On April 11, Maryland attorneys told the court that the state would no longer defend the law. But in a final motion, Maryland attorneys asked the court to forego permanent injunction, arguing that a declaratory judgment was sufficient. “The State’s conduct shows that injunctive relief is not necessary here,” Maryland attorneys told the court in an April 11 filing. “Because the State is not enforcing the Maryland Act and has no intention to do so, the threat identified by the plaintiff will not come to pass.”

But AAP lawyers told the court that a declaratory judgment is simply not enough to protect publishers.

“A permanent injunction, as opposed to just the entry of a declaratory judgment, is the necessary and appropriate next step in this case," the AAP filing states. "The State acted contrary to law in enacting the Maryland Act, disregarding the critically important preemption issues that the publishing and author communities had brought to its attention. The State then ‘doubled down’ on its defense of the Maryland Act in this proceeding, raising a host of invalid arguments about the State’s authority and aggressively questioning both the principles and operation of the Nation’s federal Copyright Act. At each turn, the State’s actions reflected an unwillingness to respect the judgment of the United States Congress on copyright policy and the boundaries between states and the federal government under the Supremacy Clause of the United States Constitution.”

First introduced in January 2021, the Maryland e-book law required any publisher offering to license "an electronic literary product" to consumers in the state to also offer to license the content to public libraries "on reasonable terms." The bill passed the Maryland General Assembly unanimously on March 10, and went into effect on January 1, 2022.

The law emerged after a decade of tension in the digital library market, with libraries long complaining of unsustainable, non-negotiated high prices and restrictions. More specifically, however, the law emerged as a direct response to Macmillan's (since abandoned) 2019 embargo on frontlist e-book titles, which prompted numerous appeals to both federal and state legislators to protect basic access to digital works in libraries.
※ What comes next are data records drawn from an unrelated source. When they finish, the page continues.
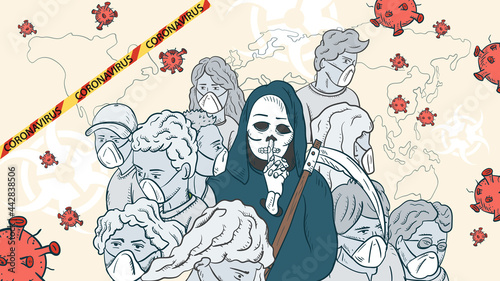banner illustration for the design of the virus corona SARS-CoV-2 a cluster of masked people a gray mass in the middle a skeleton of death with a scythe and virus molecules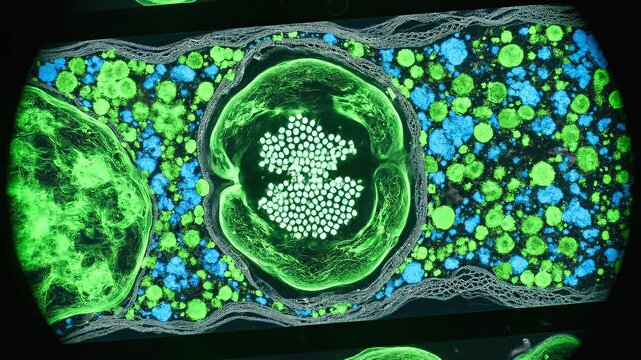Laboratory slide revealing cells top view under fluorescent microscopy green and blue structures for biomedical research, pathology analysis, microbiology education, diagnostic imaging, tissue study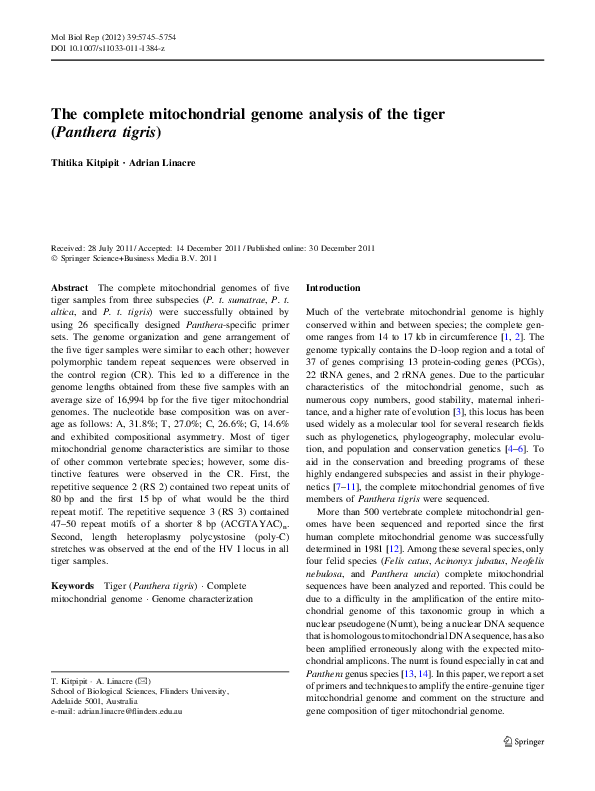 (PDF) The complete mitochondrial genome analysis of the tiger (Panthera ...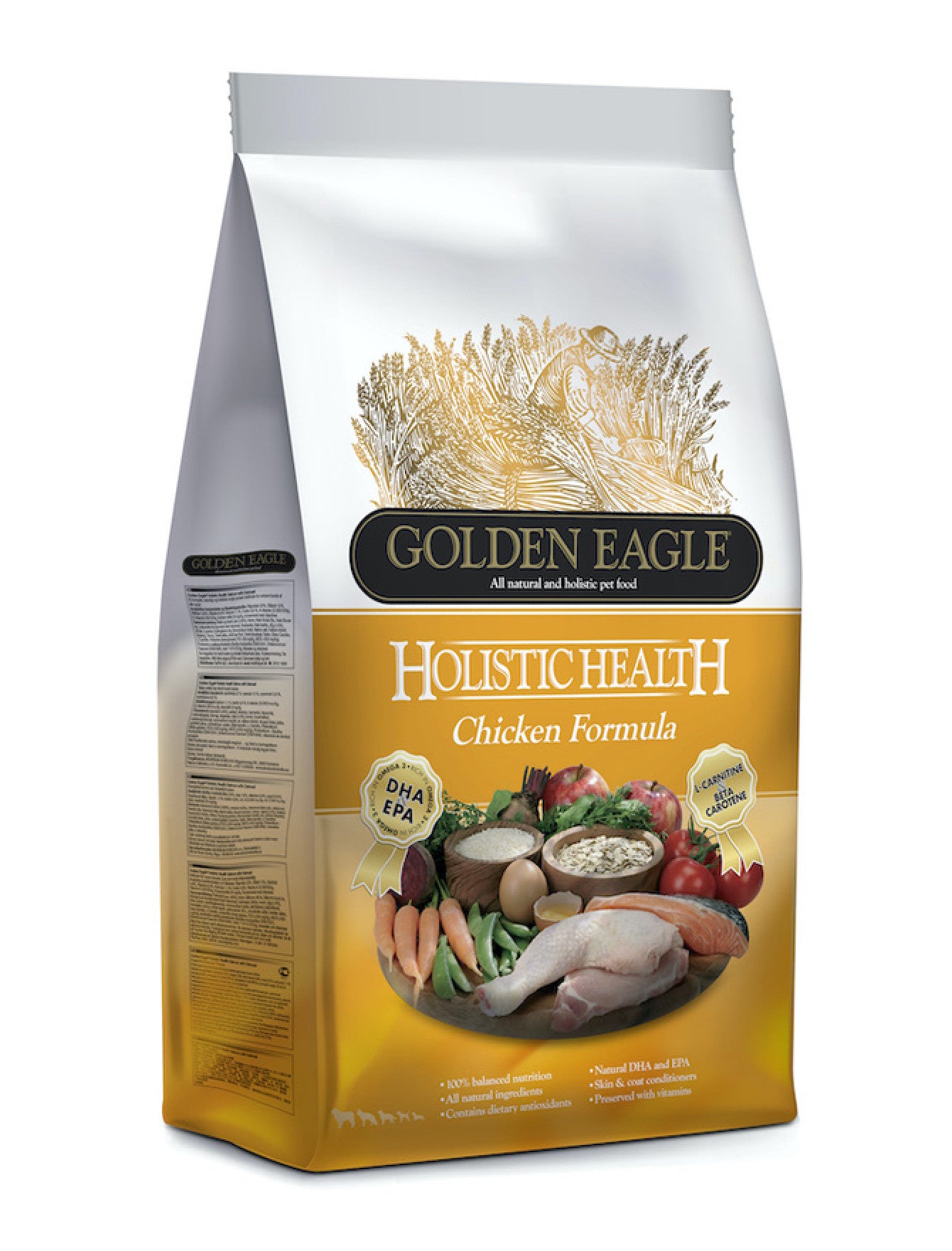 Premium Golden Eagle Holistic Chicken Formula Dry Dog Food - Grain-Free, High Protein (5lb & 15lb Bags) for Adult Dogs - Perfect for Weight Management & Sensitive Stomachs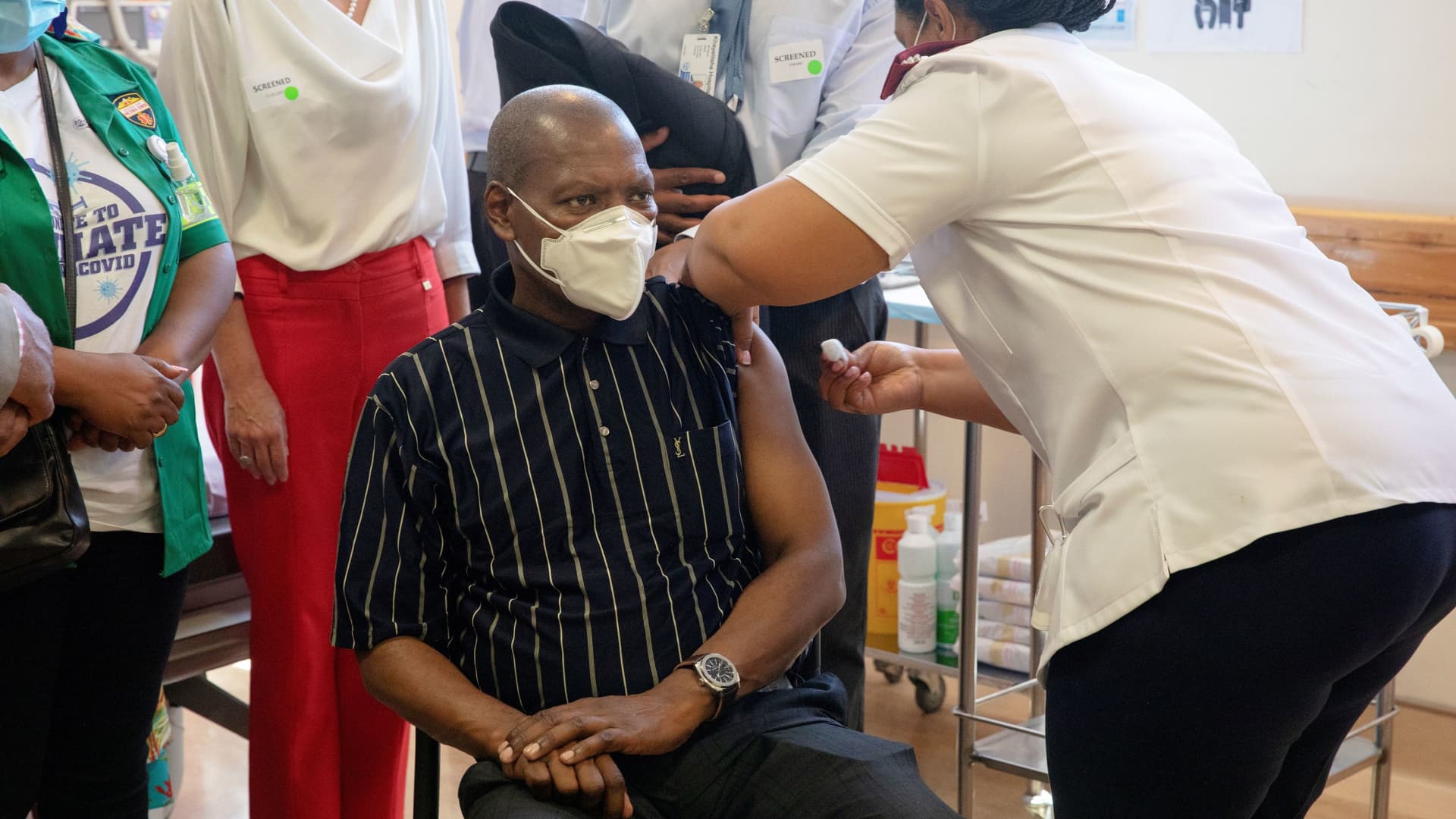 South African Health Minister Zweli Mkhize receives the Johnson and Johnson coronavirus disease (COVID-19) vaccination at the Khayelitsha Hospital near Cape Town, South Africa, February 17, 2021.
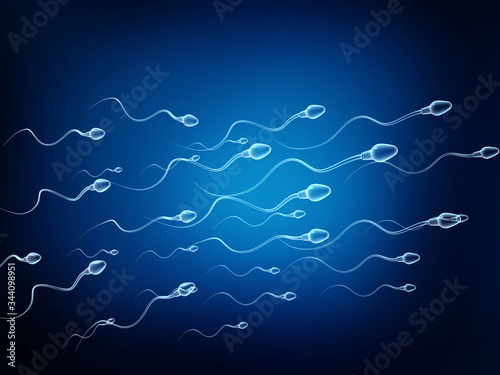 Moving sperm cells. 3d illustration..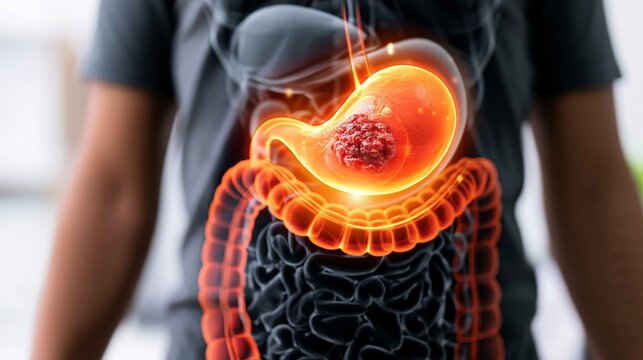 Human digestive system illustration showing glowing stomach with gastric tumor, highlighting cancer and disease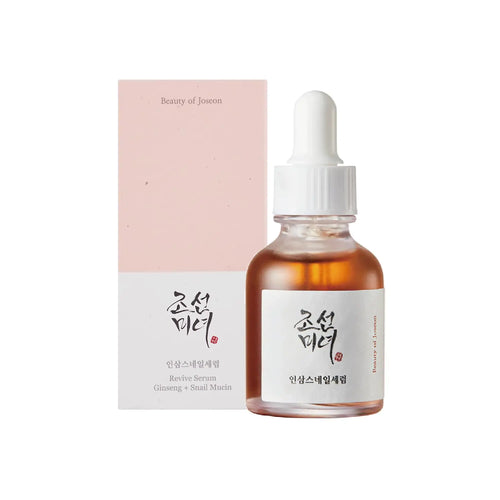 Beauty of Joseon Revive Snail Mucin Ginseng Serum Hydrating Peptide Facial Moisturizer Dark Spot Acne Scar Remover for Sensitive Face. Korean Skin Care for Men and Women, 30ml, 1fl. oz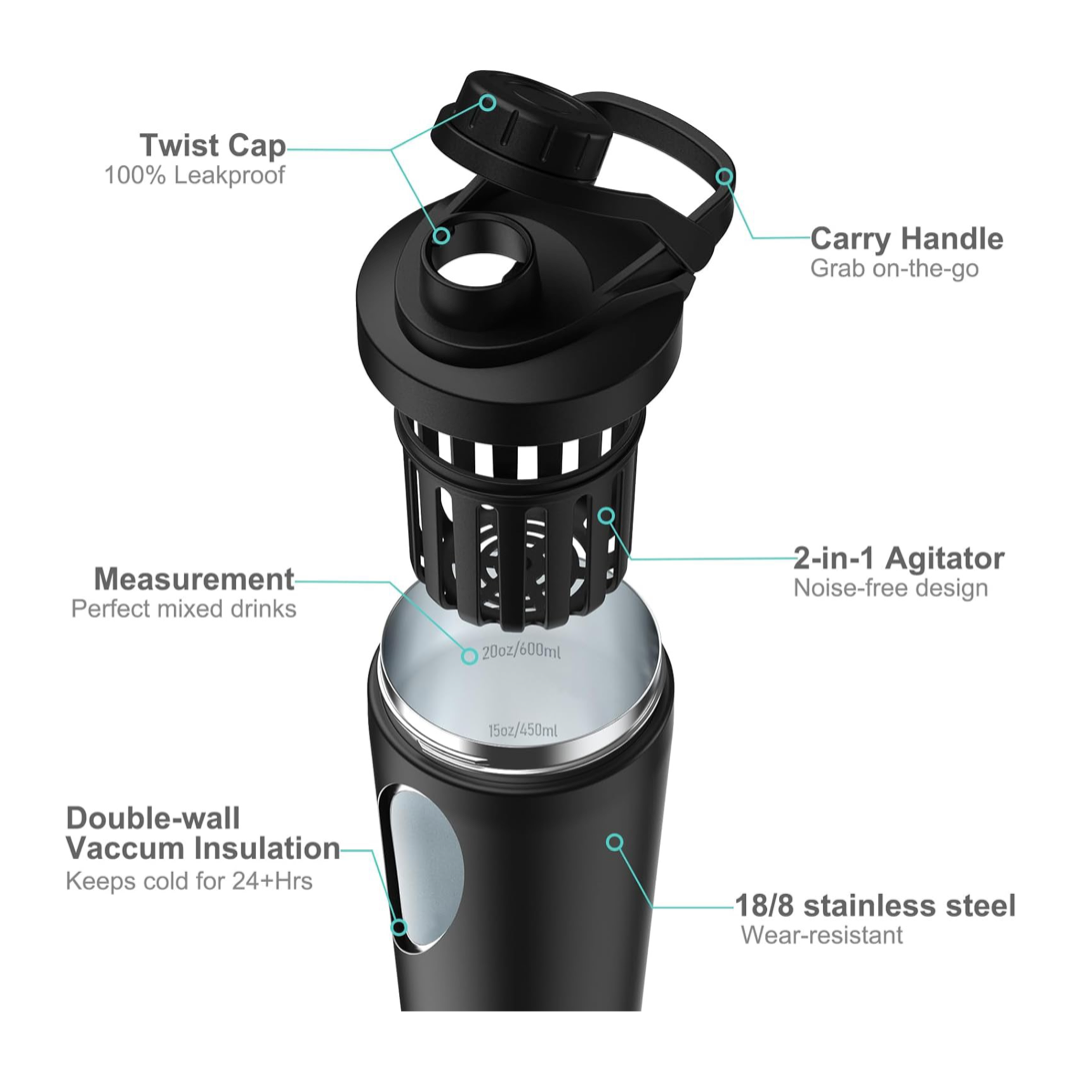 Portable 25oz Stainless Steel  - огляд і ціна Protein Shaker Bottle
The Association of American Publishers filed suit on December 9, 2021 arguing that the Maryland law infringed on the exclusive rights granted to publishers and authors under copyright. A week later, on December 16, AAP attorneys moved for a preliminary injunction blocking the law. Just days after a February 7 hearing Boardman enjoined the law.

Similar bills are currently still pending in half a dozen other states—although bills in at least three of those states (Missouri, Tennessee, and Illinois) appear to be all but dead. In late December, New York governor Kathy Hochul vetoed New York's library e-book bill.